PROVIDED RECORDS
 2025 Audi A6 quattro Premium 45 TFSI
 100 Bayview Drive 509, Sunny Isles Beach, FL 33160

...

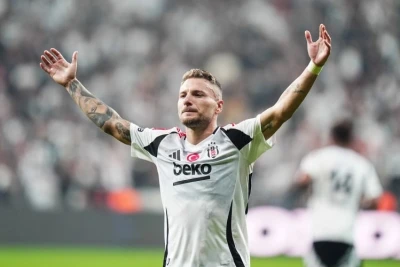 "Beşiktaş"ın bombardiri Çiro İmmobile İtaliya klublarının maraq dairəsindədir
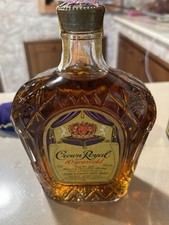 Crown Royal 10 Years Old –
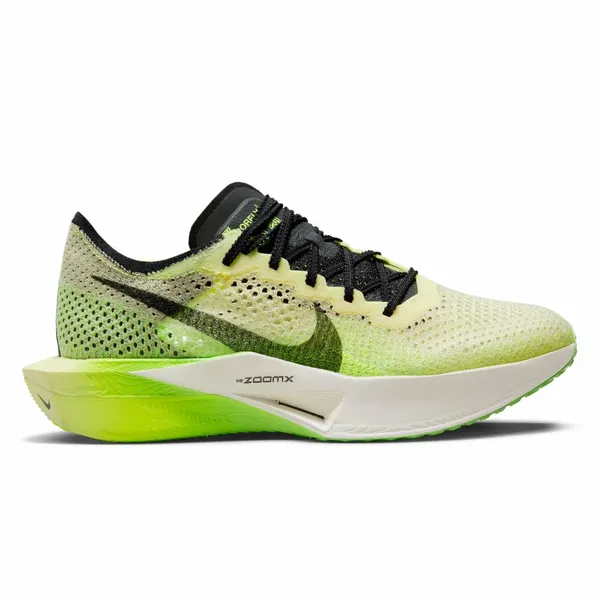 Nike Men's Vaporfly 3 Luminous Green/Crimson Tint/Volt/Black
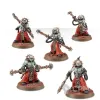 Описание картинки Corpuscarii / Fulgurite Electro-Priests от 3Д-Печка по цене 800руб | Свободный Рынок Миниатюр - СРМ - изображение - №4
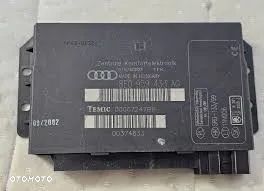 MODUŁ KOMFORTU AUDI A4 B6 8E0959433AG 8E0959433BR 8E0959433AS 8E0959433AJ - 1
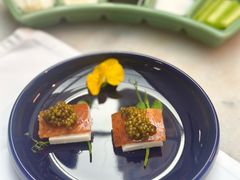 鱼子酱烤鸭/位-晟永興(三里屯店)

WORK ORDER
In the material above, one part opens with the line containing "Описание картинки Corpuscarii" and closes with the line containing "鱼子酱烤鸭/位-晟永興(三里屯店)". Write out that part exactly and skip its pictures.

ANSWER SECTION
 Описание картинки Corpuscarii / Fulgurite Electro-Priests от 3Д-Печка по цене 800руб | Свободный Рынок Миниатюр - СРМ - изображение - №4
 MODUŁ KOMFORTU AUDI A4 B6 8E0959433AG 8E0959433BR 8E0959433AS 8E0959433AJ - 1
 鱼子酱烤鸭/位-晟永興(三里屯店)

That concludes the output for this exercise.